The Italian operator confirmed on Friday the cylindrical-design FPSO, which was due to be delivered from Hyundai Heavy Industries next month, will instead be loaded out of the yard with giant vessel Dockwise Vanguard in the next available transport window.
Start-up of the first oilfield in Norway’s sector of the Barents is now targeted for the middle of 2015, compared with a previous schedule of the end of this year, with Eni saying “a fast ramp-up to steady production is expected”.
The company also revealed project costs have now risen by 50% compared with the original budget estimate cited in the field development plan of Nkr30 billion, having earlier increased by around 25% to Nkr38.5 billion.

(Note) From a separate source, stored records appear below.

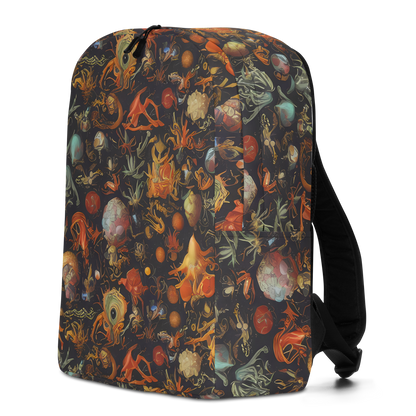 Minimalist Backpack - Florescent Void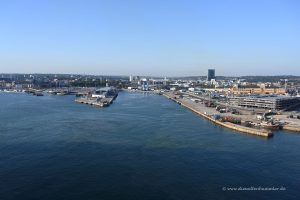 Hafen von Southampton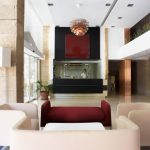 Hotellin vastaanotto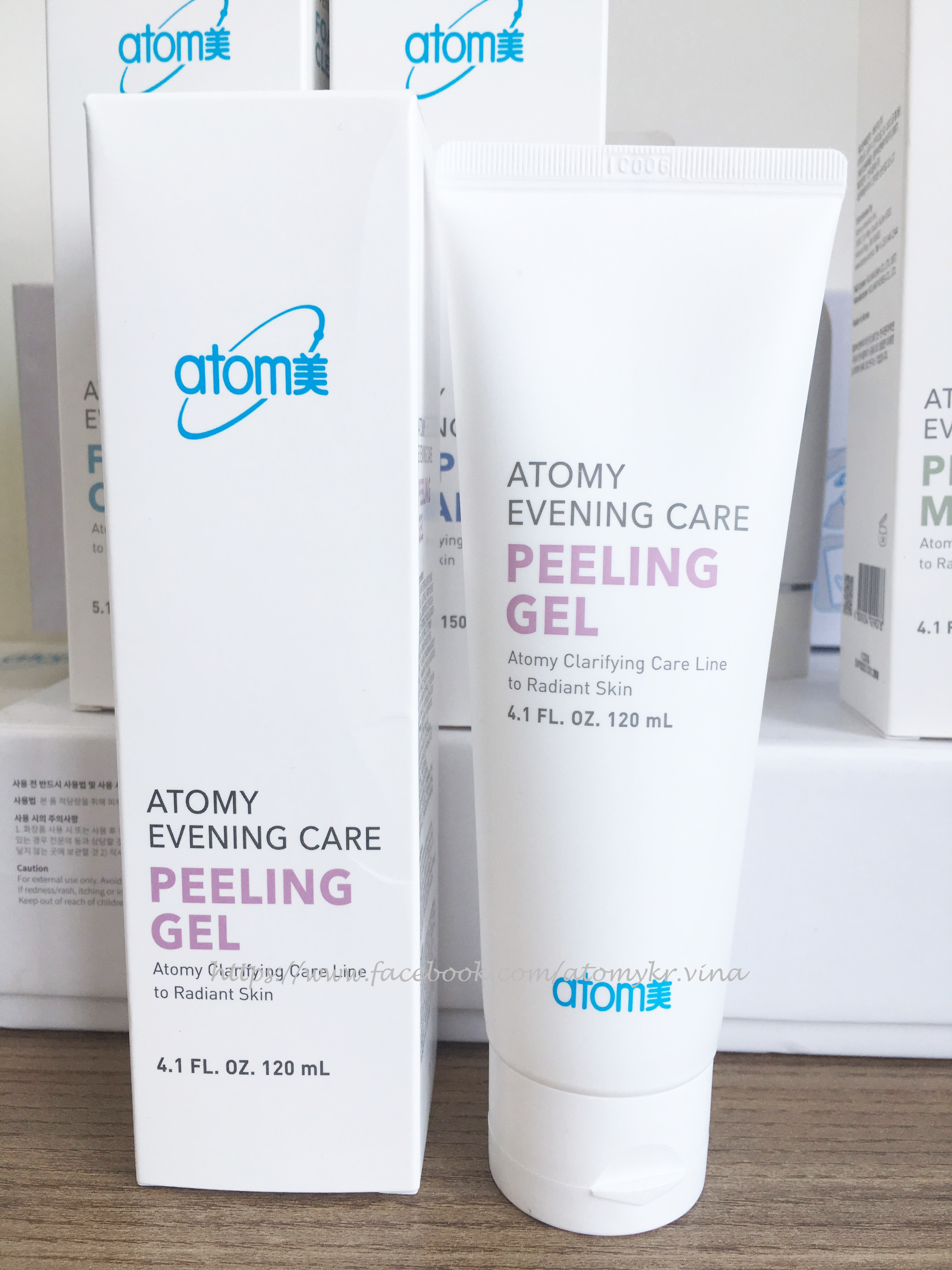 Gel tẩy tế bào chết ATM Peeling Gel Hàn Quốc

The decision to delay sailaway of the vessel was taken by Eni and licence partner Statoil at a meeting on Friday amid increasing doubts over the delivery schedule due to the reportedly huge remaining workload on the FPSO.

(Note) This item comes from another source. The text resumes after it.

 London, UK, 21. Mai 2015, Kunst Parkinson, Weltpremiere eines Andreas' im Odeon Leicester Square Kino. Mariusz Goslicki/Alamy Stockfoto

Eni said the partners had determined the conditions needed for sailaway by the end of June and for final commissioning offshore in the Barents “were not in place”.
The operator stated that fabrication work on the vessel is at “an advanced stage”, with the topsides nearing mechanical completion and commissioning work ongoing while drilling, installation and subsea work is progressing in parallel in Norway.
“The licence remains fully satisfied with the quality of construction received from Hyundai,” Eni said.
The company blamed the budget increase on high supplier costs fuelled by industry demand, implying such costs were not as high when it submitted the Goliat development plan in 2009 as the oil price was lower and there was therefore less offshore activity.
Fabrication work on the Sevan Marine-designed floater has already been delayed by over a year due to engineering changes on the FPSO as well as higher equipment prices and longer lead times on deliveries, causing delays and cost overruns.
Eni insisted the cost hike was “in line with the industry trend”, adding: “Project economics are robust, as the deferral of production volumes has a limited impact on profitability at the current price scenario.”
The company holds a 65% operating stake in the project, with Statoil on 35%.